I can tell that people were praying for our appointment with the urologist yesterday. Lydia has had a cold and was fussy all day. Yet she was PERFECT for the whole appointment- happy and charming the nurses and techs. Lydia had another ultrasound of her bladder and kidneys. Her first scan when we were still in the hospital showed that her kidneys were small and her bladder was very large. Her ultrasound yesterday showed that her kidneys have caught up and are now an appropriate size. We are thrilled with this news. Thank you for praying. God is at work and He is good!  



We still don't know what type of issues she'll have with her bladder yet. The urologist is having us wait until May to do a test that will measure the pressure in her bladder. Too much pressure in her bladder would cause urine to back up into her kidneys. However if her bladder can't handle too much pressure then she would be leaking urine.  I don't really want her to deal with either issue! But I can't worry about things we don't know yet. So for now I will be happy with our good news, enjoy my precious daughter, and refuse to worry about the future.  God will help us be ready for whatever we have to deal with when the time comes.  Now is not that time!

Bath Time!

Monday, February 3, 2014

Lydia's Progress

My mom is telling me that I need to write something because lots of people are asking about Lydia!  I never cease to be amazed, and incredibly humbled, at how many people care about out sweet girl. Lydia LOVES to be held, so finding time to write is tricky.  Also, I seem to be having trouble putting coherent thoughts together so don't expect too much from this update! No deep thoughts today!



Last week we went to see the neurosurgeon to have a head ultrasound. The neurosurgeon showed me all three of the head ultrasounds that Lydia has had.  The ventricles in her brain (where they are watching for extra fluid to accumulate) have increased in size a little bit. However the MD feels that it's only a slight increase and probably just her body trying to adjust to a new way of dealing with her cerebral spinal fluid or CSF. Due to her spinal defect her body leaked spinal fluid out the hole in her back prior to surgery.  Surgery, although necessary, disrupted her body's way of dealing with the CSF which is why they are concerned her head may swell. The neurosurgeon was happy enough with how things were looking that we don't have to have another head ultrasound until the end of March. He was also very impressed with Lydia's movement in her extremities and her response to sensation in her feet. We were freed from our 60 minute time limit in the car seat and she doesn't have to sit on the foam donut anymore.  The MD said her surgical scar is looking great and we are no longer doing dressings which is a huge relief.  God is so good and we are so thankful for a good report.

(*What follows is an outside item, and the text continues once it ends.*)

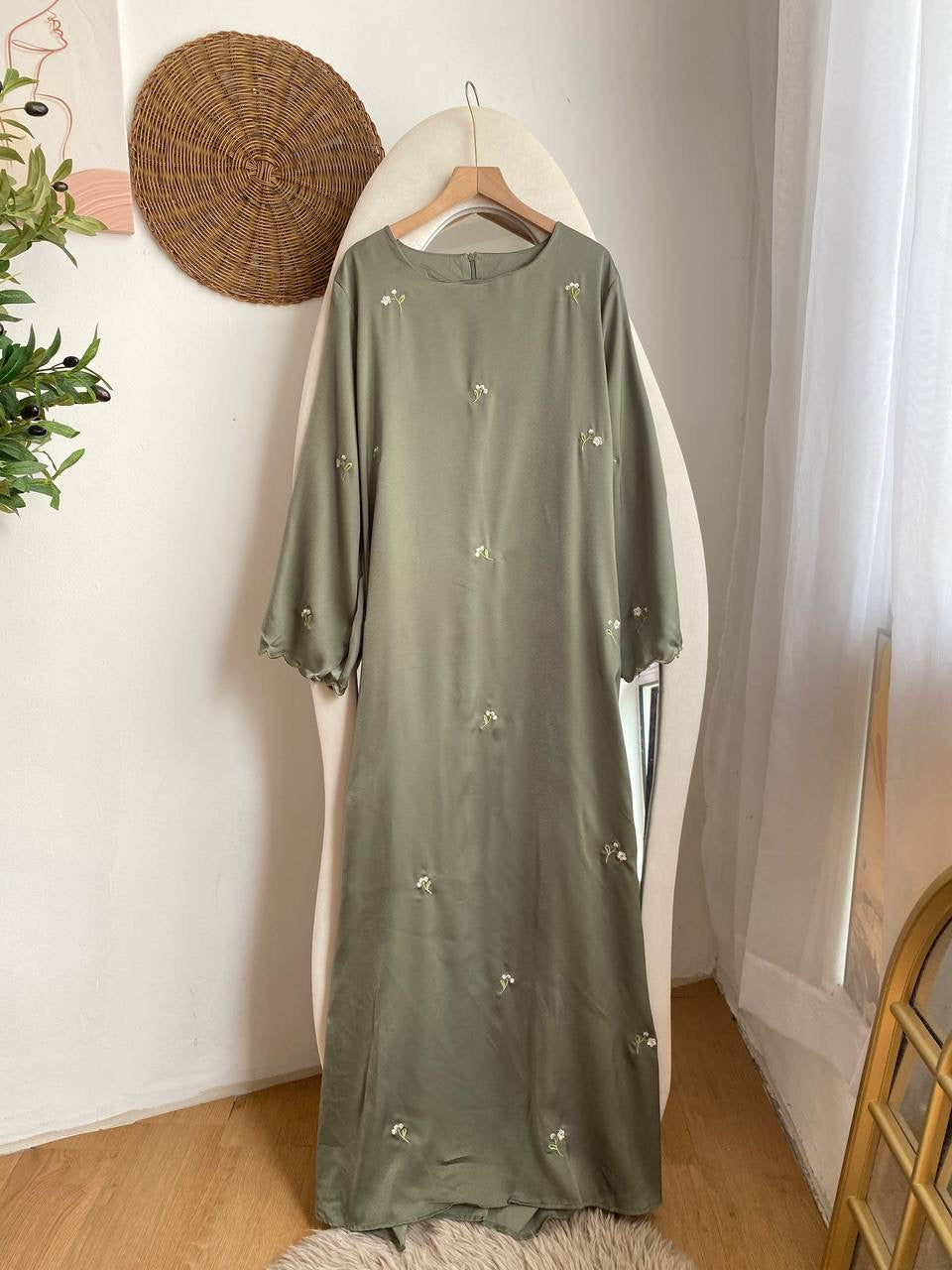 [INSTOCK] Jehan Embroidery Abaya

Now we see the urologist this Wednesday and Lydia has to have scans of her kidneys and bladder again. This is the area where I am seeing some problems with little Lydia.  If you could please be praying for a good report on Wednesday, that I would be able to ask the right questions, and that we would have a clearer picture of how to help Lydia.

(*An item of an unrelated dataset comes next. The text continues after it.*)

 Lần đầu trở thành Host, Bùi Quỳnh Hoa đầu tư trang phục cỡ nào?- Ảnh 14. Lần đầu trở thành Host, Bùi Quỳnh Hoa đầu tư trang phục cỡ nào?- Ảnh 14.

Thank you again for your care, concern, prayers, and notes of encouragement.  We are so grateful for every one of you!



What are you looking at?

Saturday, January 11, 2014

Home!

I've been a little slow in sharing that we are HOME!  Lydia was discharged from the NICU this last Monday (January 6th).  Since we do not have a team taking care of Lydia any more and clean blankets are no longer a call button away, finding the time to post any thing has been difficult! Joel and I are both in that new parent mode... exhausted all the time!
Ready to hit the road!
Monday was a LONG day.  It wasn't clear in the morning if we would be discharged or not.  Lydia had to have an ultrasound of her head, spine, and kidneys.  She also had to have a scan of her bladder.  Multiple doctors had to sign off on her and give their follow up recommendations. We had to make sure we had all the supplies to do her dressing changes at home. It just seemed to never end.  By the time everything was in place Lydia and I were both exhausted and ready to just spend the night. But we pressed on and left the hospital around 7:30 pm on the coldest night the Twin Cities has seen in 18 years! (For those living in warmer regions - our high that day was negative 12!) I was so thankful that all the staff I had found most helpful during our stay were on duty that day to get us home.
Once we made it home, Joel and I stood there looking at our precious bundle sleeping in her Moses basket.  Joel said, "I can't believe they let us take her home!"  Pretty much what I was thinking at that moment as well. When you've been used to monitors telling how your baby is doing for the last week it is hard to transition to no indicators at all. I lay there in bed afraid to go to sleep - because if something were to go wrong there would be no alarm to alert me. We made it through the night though - and the subsequent ones as well. We are slowly but surely figuring things out. Life has changed completely, but we would never want to go back - even if you offered me a full night's sleep! We are completely indebted to my mom for feeding us, keeping the kitchen clean, doing all the laundry, and being my chauffeur while I'm still on percocet. (Yes, sleep deprived and on meds - Scary!)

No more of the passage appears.